Many graduates begin their job search after university but find themselves in the same complicated position: they need experience to get a job, but need a job to get experience. Although this can be frustrating, there are a number of ways to get around it and you probably have more experience than you think! Here are our 10 top tips on how to write a CV with no previous work experience.
1. Nail your opening statement
Your personal statement is the first thing your potential employer will read on your CV. You never get a second chance at a first impression, so make sure it stands out. Think of it as your own personal elevator pitch. We recommend keeping it short and sweet, around 150 words, providing a top-level overview of why you’d make a great candidate for the role and entice your recruiters to keep on reading. Hook them in with a concise explanation of your top skills, education level, degree subject and the role you are interested in.

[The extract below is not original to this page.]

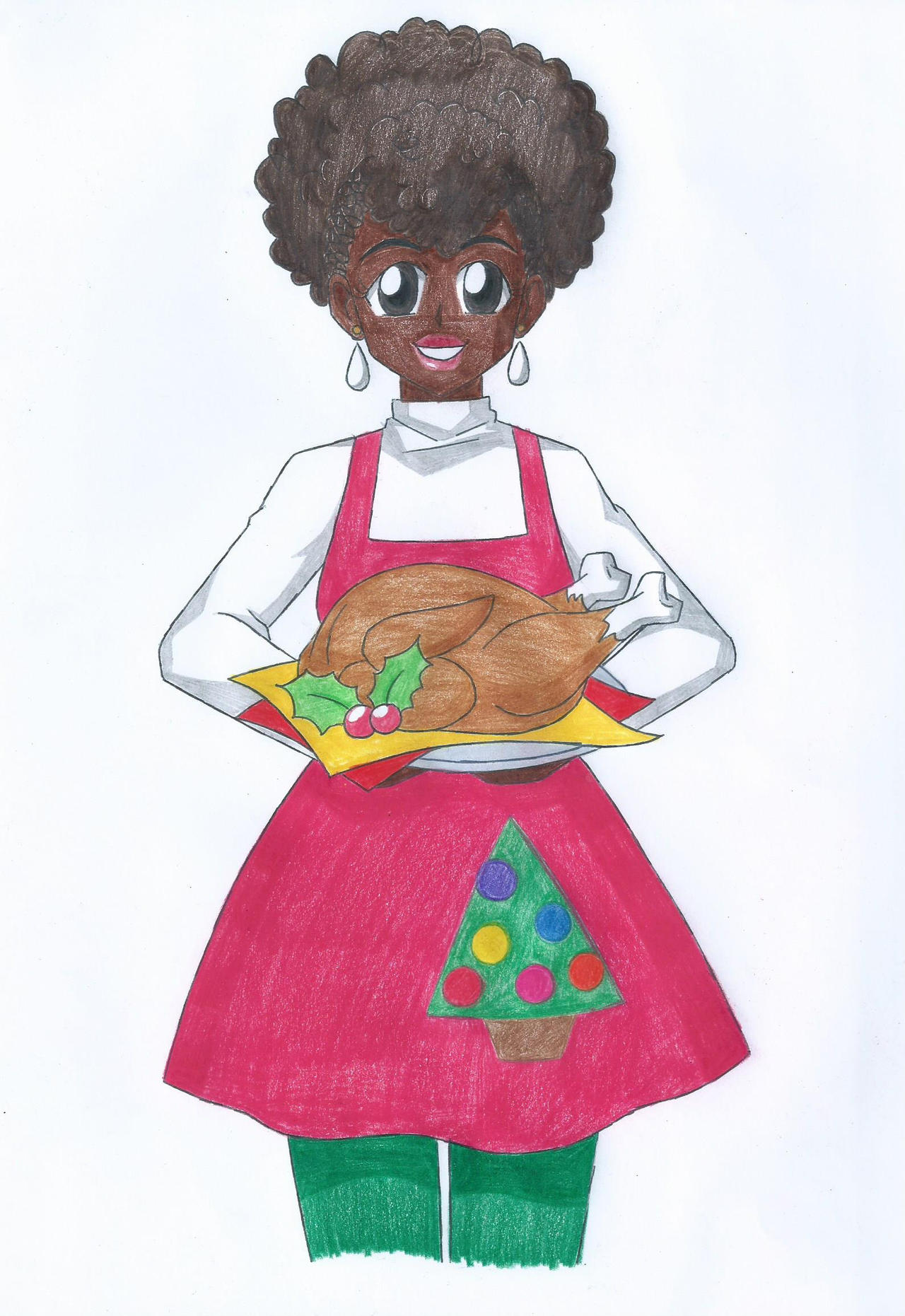 Holiday Hostess by animequeen20012003 on DeviantArt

2. Impress employers with your skills
A detailed description of your skills, and how you have applied them in real life, can be much more powerful than a list of your previous work experience - especially if your work experience is unrelated to your job application. It’s important to focus on transferable skills, such as teamwork, communication and problem-solving and remember to always provide examples to demonstrate your skills. For instance, you could describe a scenario at university where you were faced with a challenge and used your problem-solving skills to overcome this in a timely and organised manner, highlighting your ability to work well under pressure, too. Avoid exaggerating when giving examples as recruiters will be able to see through this.
If you’re looking for some inspiration for your skills list, take a look at the job description you’re applying for!
3. Include all your skills, however trivial they may seem
It’s easy to forget to include some of your more ‘obvious’ skills on your CV when they do not specifically relate to the role you are applying for. However, it is important to list any skills which may be useful, whether they are directly related to your job or not. Some examples include: if you have a driver’s license, software skills or foreign languages, even if you’re not fluent.
4. Talk about your degree and educational achievements
A typical CV will contain a list of all your schools, universities, additional qualifications and grades. Go one step further and delve into greater detail about what you’ve learnt during your years in education and what you’ve achieved. Maybe you’re particularly passionate about your university dissertation and believe it enhanced your research and presentation skills or perhaps you completed successful group projects which helped you build strong teamwork and organisational skills. You may have even earned a special award or recognition for your work which is definitely worth mentioning.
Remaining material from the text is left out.